Medications that help with broncho-dilation are the most common types of asthma medications, and they work by relaxing the airway smooth muscle (ASM) tissue.
Researchers from Columbia University, New York, examined if specific components of ginger helps in improving relaxing effects of bronchodilators.
Asthma is more prevalent in recent years. The study demonstrated that purified components of ginger can work synergistically with beta-agonists to relax ASM, said Townsend.
For their study, the researchers took human ASM tissue samples, and caused them to contract through exposure to acetylcholine, a neurotransmitting compound that causes broncho-constriction.
The researchers then mixed the beta agonist, isoproretenol, with three different components of ginger, 6-gingerol, 8-gingerol or 6-shogaol. The contracted tissue samples were then exposed to each of these mixtures and unadulterated isoproterenol and the relaxation responses were recorded and compared.
Results showed that tissues treated with ginger components and isoproterenol showed considerable relaxation, than those treated only with isoproterenol. As for the ginger components, 6-Shogaol showed maximum relaxing effects in speedily dissolving the filament.
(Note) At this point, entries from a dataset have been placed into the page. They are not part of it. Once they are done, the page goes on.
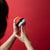 Velvet Brands Energy Ball Dual Density Massager - Rolik®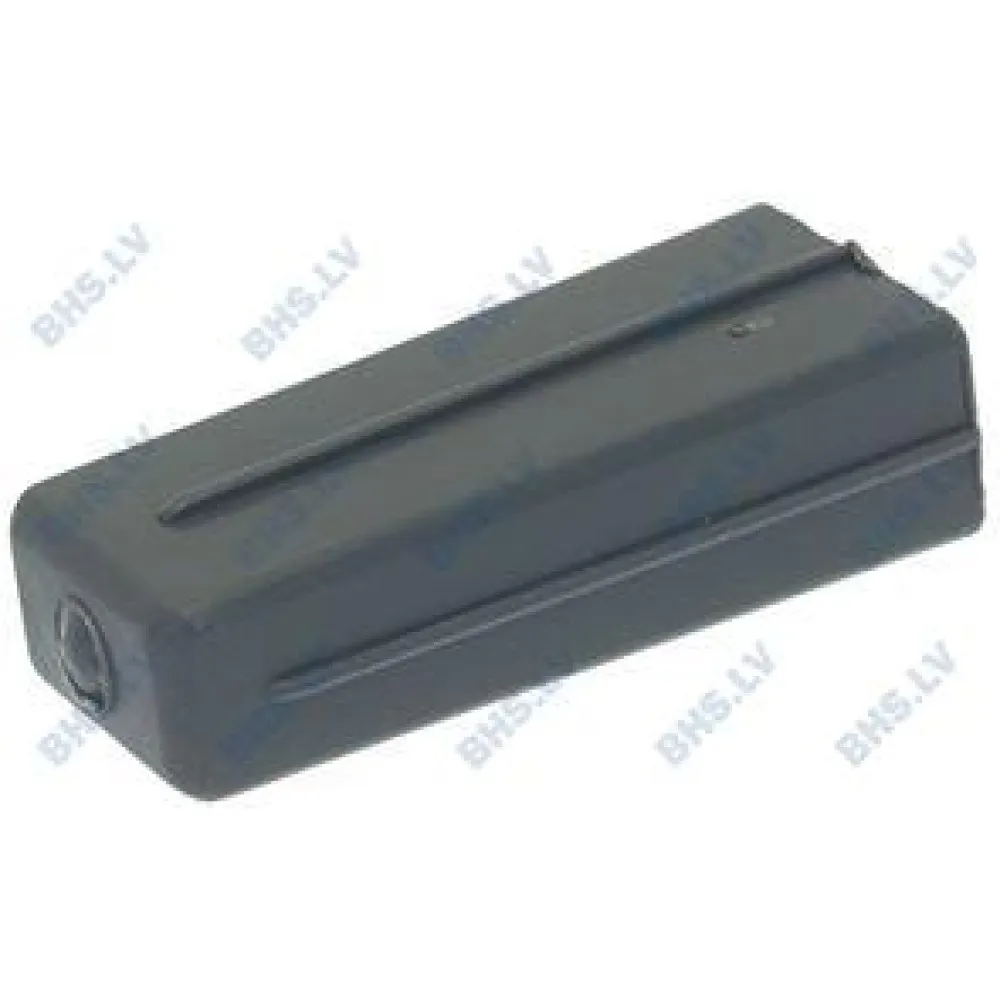Magnetic level float LF L1201050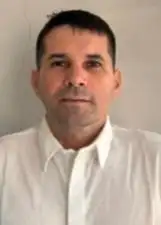 Foto de Augusto Aguiar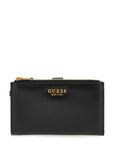 VA850057 - Portafogli - GUESS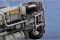 Вантажівка M915 (Trumpeter 01015) 1/35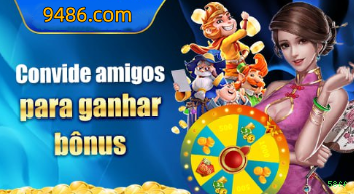 58ff Cassino Clássico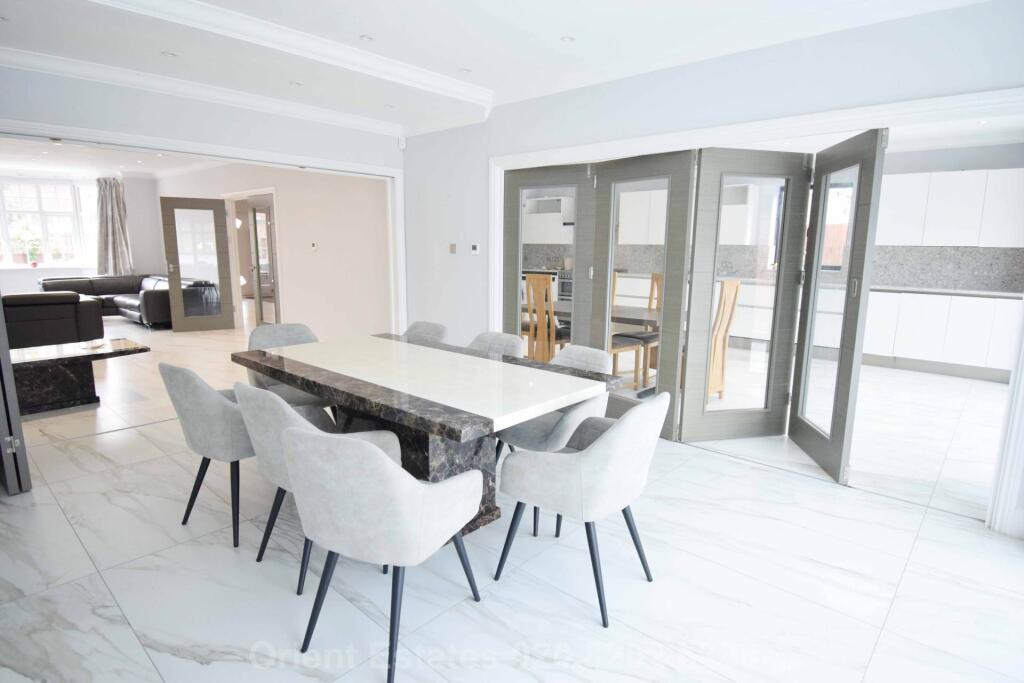 Main image of property: Foscote Road, London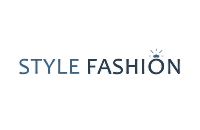 Style Fashion, интернет-магазин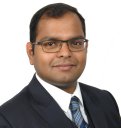 >Raman Devarajan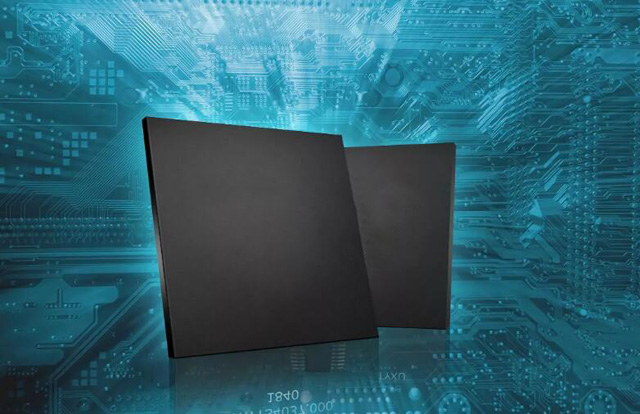 Утилизация [Lattice] Программируемый вентильный массив: MachXO3 FPGAs, MachXO3D FPGAs, MachXO2 FPGAs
On the whole, data showed that ginger constituents, which include 6-ginger, 8-gingerol and 6 shogaol act synergetically with beta-agonist in relaxing ASM. It indicates that the compounds may produce additional relief of asthma symptoms when used together with beta-agonists, Townsend said.
The results of the study will be presented at the American Thoracic Society 2013 International Conference.